EXERCISE GOAL >>
From the first line to the last, restate the data exactly, leaving out the images.

THE DATA >>

§ §

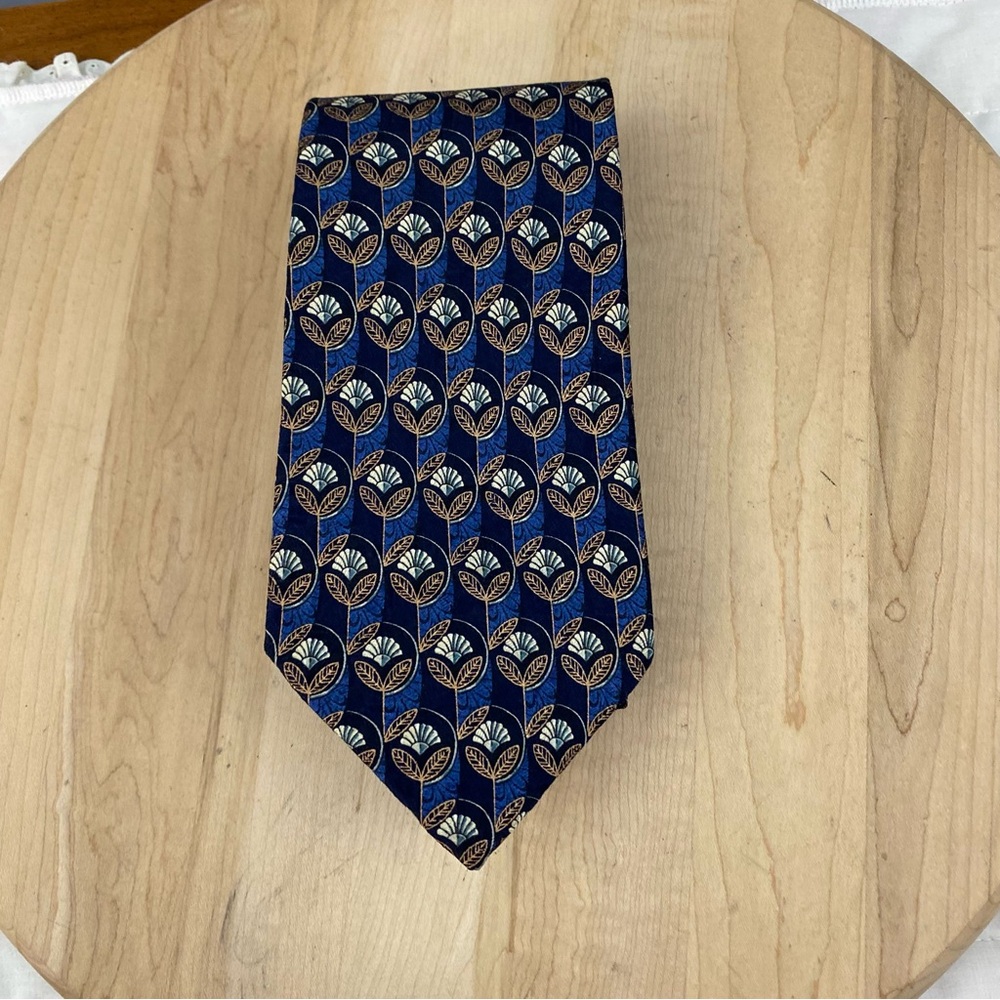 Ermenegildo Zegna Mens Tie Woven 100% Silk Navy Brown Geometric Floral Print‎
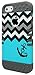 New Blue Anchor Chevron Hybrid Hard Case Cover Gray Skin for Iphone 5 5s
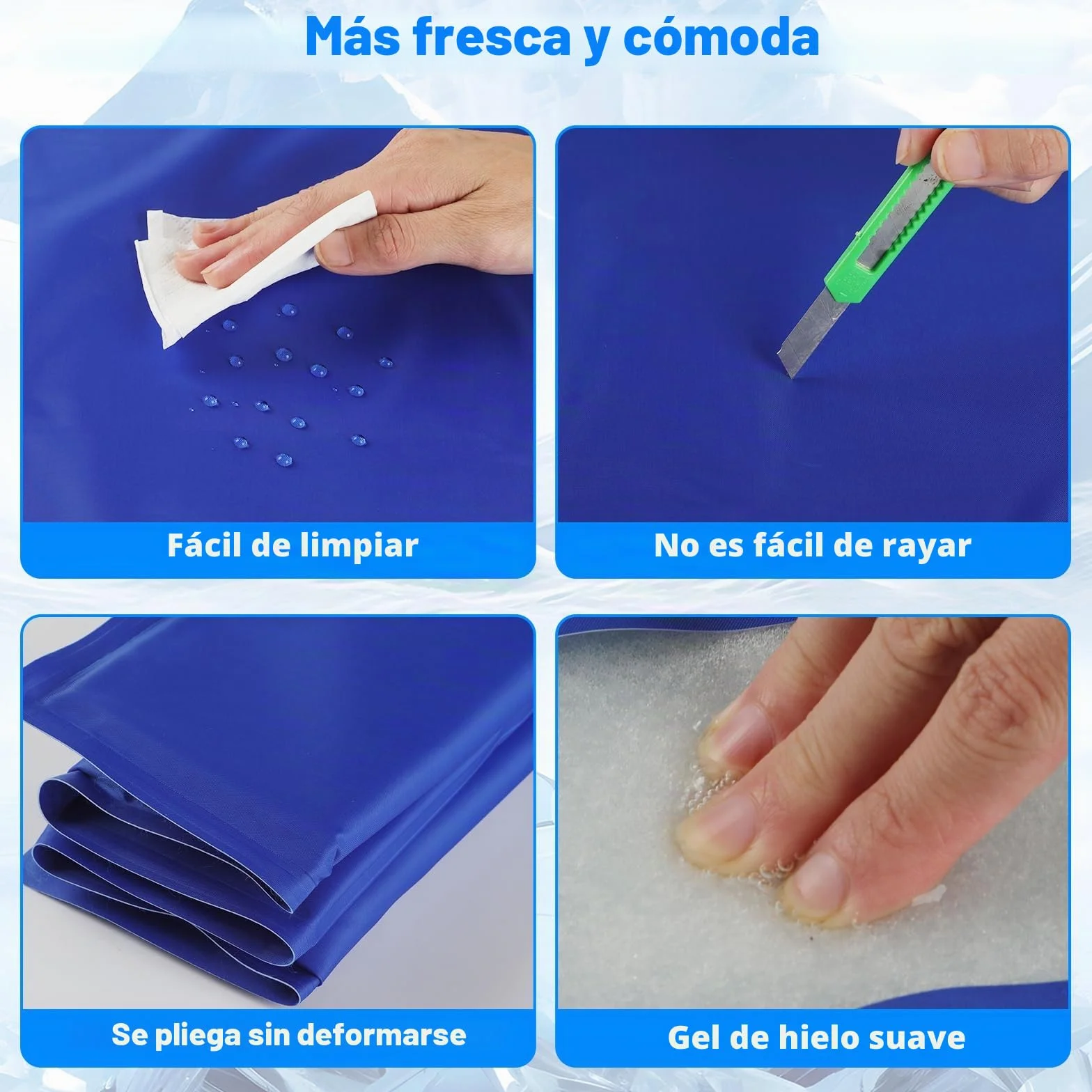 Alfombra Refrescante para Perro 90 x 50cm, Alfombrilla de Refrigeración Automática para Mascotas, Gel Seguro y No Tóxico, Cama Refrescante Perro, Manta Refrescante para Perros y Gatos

§ §

RESULT FOR THIS TASK >>
 Ermenegildo Zegna Mens Tie Woven 100% Silk Navy Brown Geometric Floral Print‎
 New Blue Anchor Chevron Hybrid Hard Case Cover Gray Skin for Iphone 5 5s
 Alfombra Refrescante para Perro 90 x 50cm, Alfombrilla de Refrigeración Automática para Mascotas, Gel Seguro y No Tóxico, Cama Refrescante Perro, Manta Refrescante para Perros y Gatos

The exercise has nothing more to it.